──────── INPUT DATA ────────

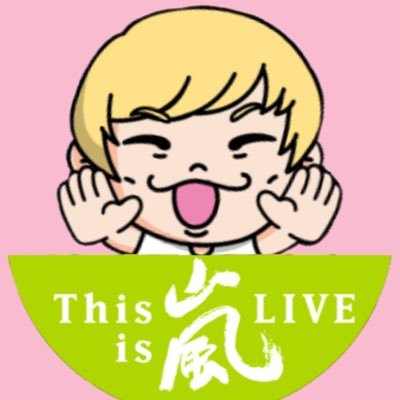 ともてぃんさんのプロフィール画像
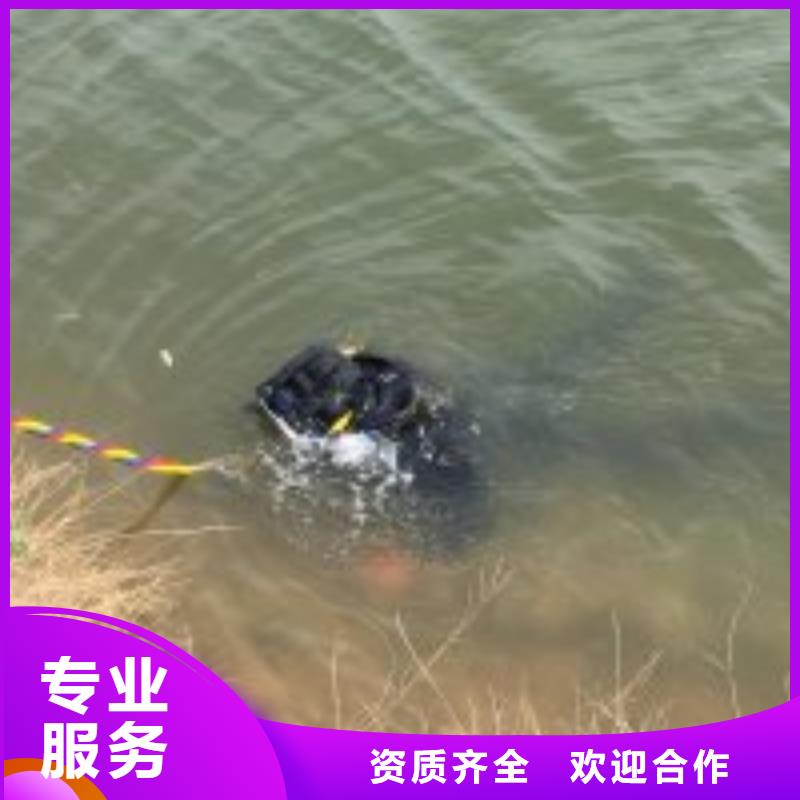 拼装打捞船污水管道清淤专业
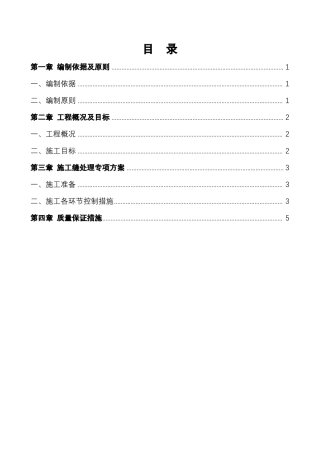 半幅施工缝处理方案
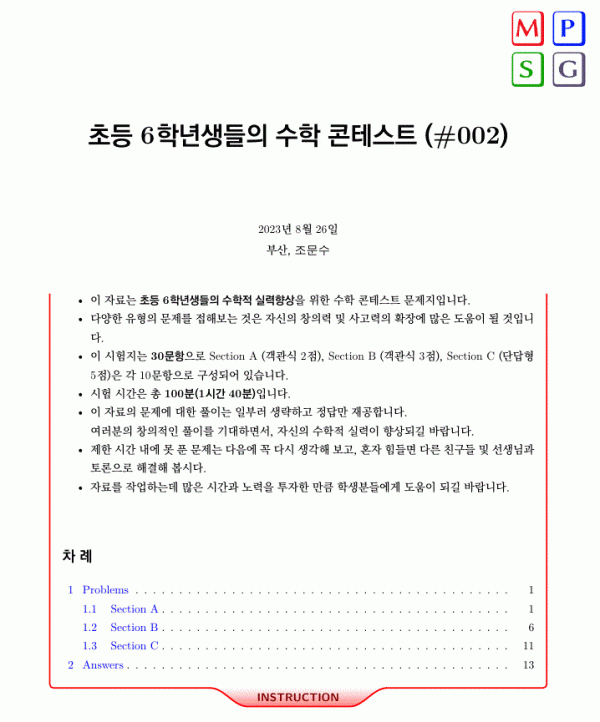 002_Grade_6-cover.gif 002_Grade_6-cover.gif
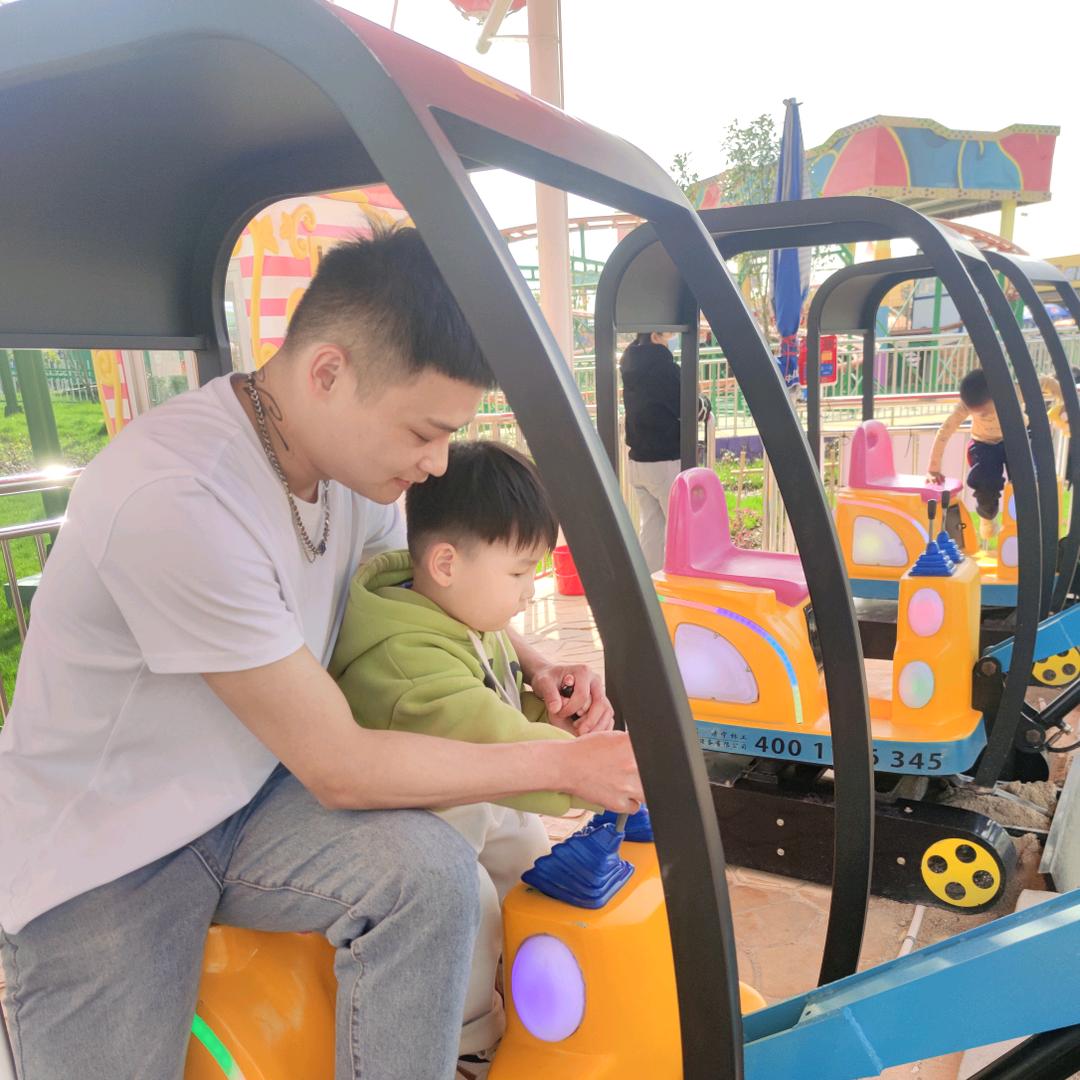 吴某人（努力上岸版）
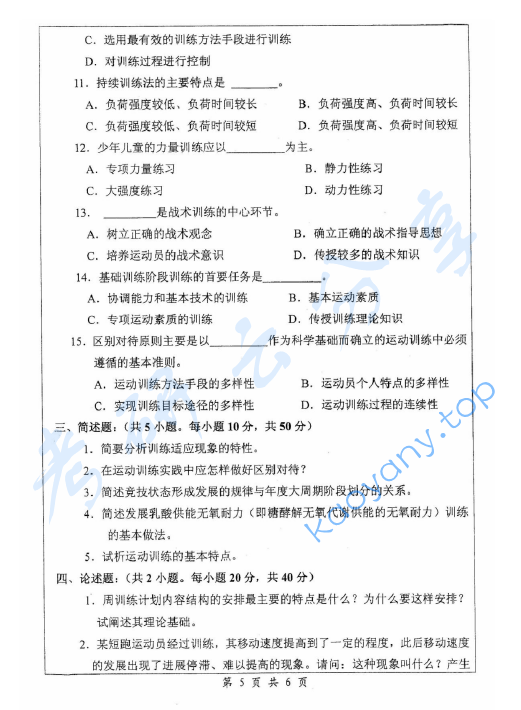 2007年浙江师范大学621体育学基础综合考研真题,image.png,浙江师范大学体育学基础综合,浙江师范大学,体育学基础综合,第5张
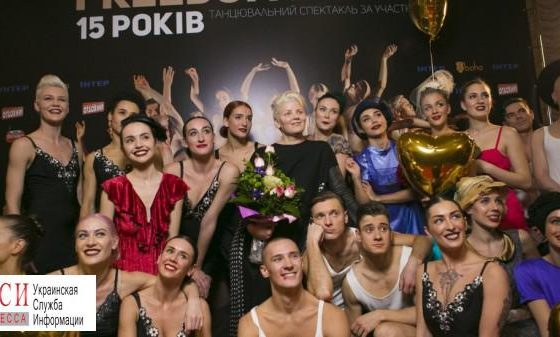 “Жизнь как танец”: юбилейный концерт Freedom Ballet на “Интере” «фото»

────────

## EXERCISE GOAL
The output should hold only the lines from the one containing "2007年浙江师范大学621" through the last line of the listing, reproduced exactly, pictures omitted.

## YOUR SOLUTION
 2007年浙江师范大学621体育学基础综合考研真题,image.png,浙江师范大学体育学基础综合,浙江师范大学,体育学基础综合,第5张
 “Жизнь как танец”: юбилейный концерт Freedom Ballet на “Интере” «фото»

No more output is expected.